Even though it was a different University, all fees were waived if you worked
in the higher education sector. I studied in the late 80s to early 90s, so I
don't know if this is still the case.

Mine was a common enough case. In the school where I worked, two more of the
conserjes were studying engineering degrees. In the school where I studied (I
have a degree in English), at least one of the conserjes was studying a
tertiary degree, I don't remember which.

In these circumstances, what I wondered is why didn't more of my younger
colleagues pursue further study. You have a salary, a job that leaves you
quite a lot of free time to study, and reasonable hours (morning and
afternoon/evening shifts) that allow you to attend classes during your non-
working shift. And, some years later, you could also have a degree and a
modicum of learning (or, in some cases, a lot of learning and no degree: your
mileage may vary).

Great for Gac! Me and my fellow worker/students did it at a younger age, in
our country of birth, surrounded by a family support network, and with a much
cushier jobs (a conserje doesn't have cleaning duties, for instance). Gac
sends part of his salary back to his family in the Old Country, while I could
use mine to travel around Europe and buy books. In fact, I nowadays I call
that job my "scholarship". I didn't have to man the counter of a 7/11 or stock
supermarket shelves to pay for my studies, and I graduated with some savings.
I didn't always feel privileged, but I was in many ways.

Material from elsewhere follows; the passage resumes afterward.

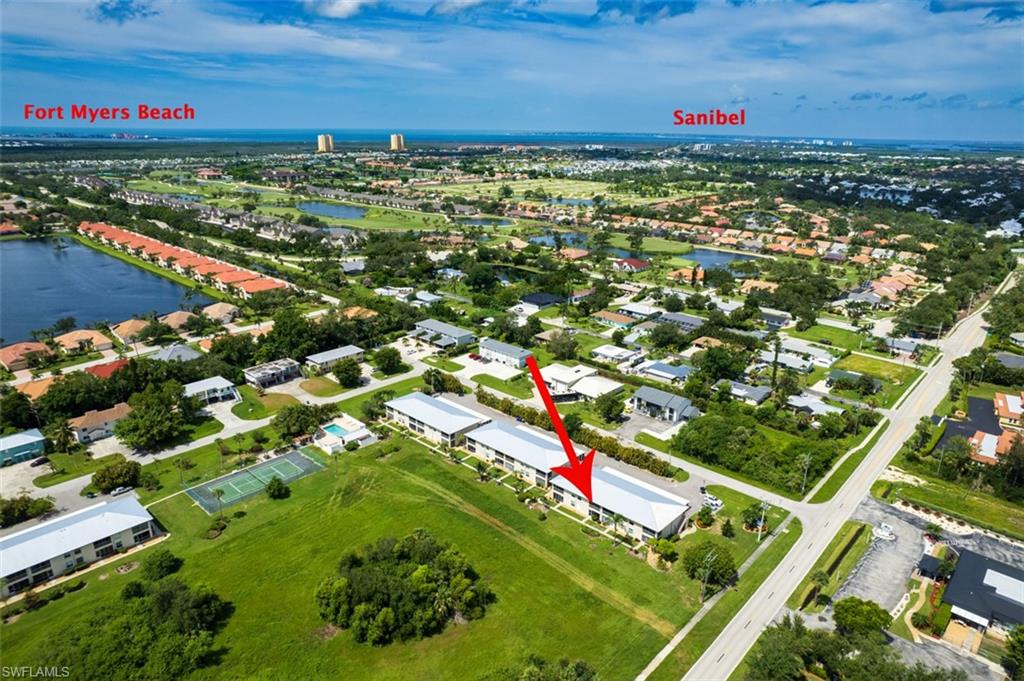 SANIBEL WAY CONDO - Residential
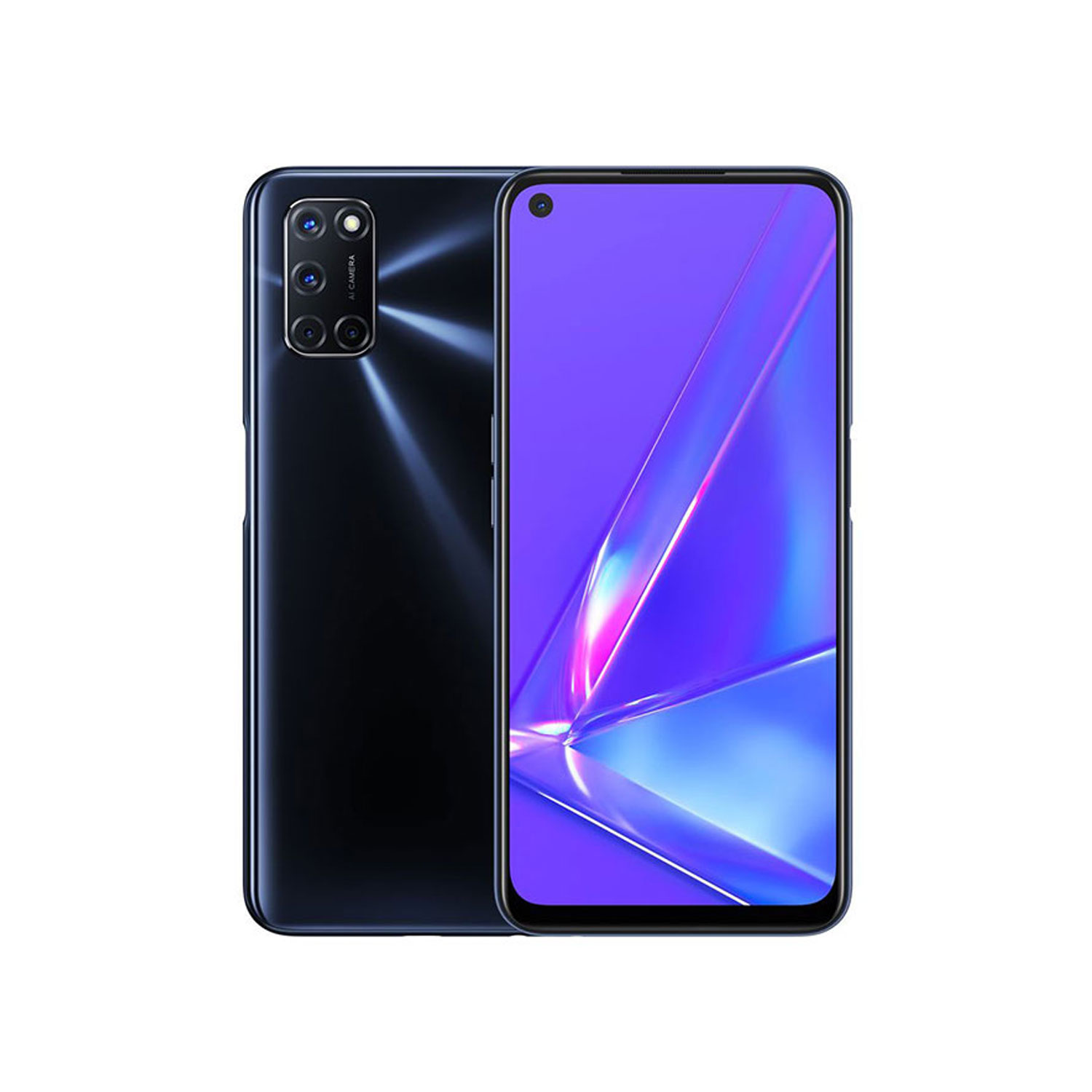 OPPO A72 128GB Refurbished Mobile Phone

In the article, Gac Filipaj quotes Seneca, the Stoic philosopher. Read his
statements again after reading a bit about stoicism[1], and they gain new
meaning.

[1] <http://en.wikipedia.org/wiki/Stoicism>

------
K2h
key point in the article - he was studying law before he came in the 90s. he
may have a job as a janitor, but he was definitly college material.

------
cleverjake
Is the free-tuition-for-employees thing unusual? I had a couple of kids that
graduated high school with me get into several different schools because their
parents worked there (no professors. mostly janitors, cafeteria workers, etc.)
I was under the impression that it was similar to the GI bill for american
soliders - an employee could use it, or give it to a family member.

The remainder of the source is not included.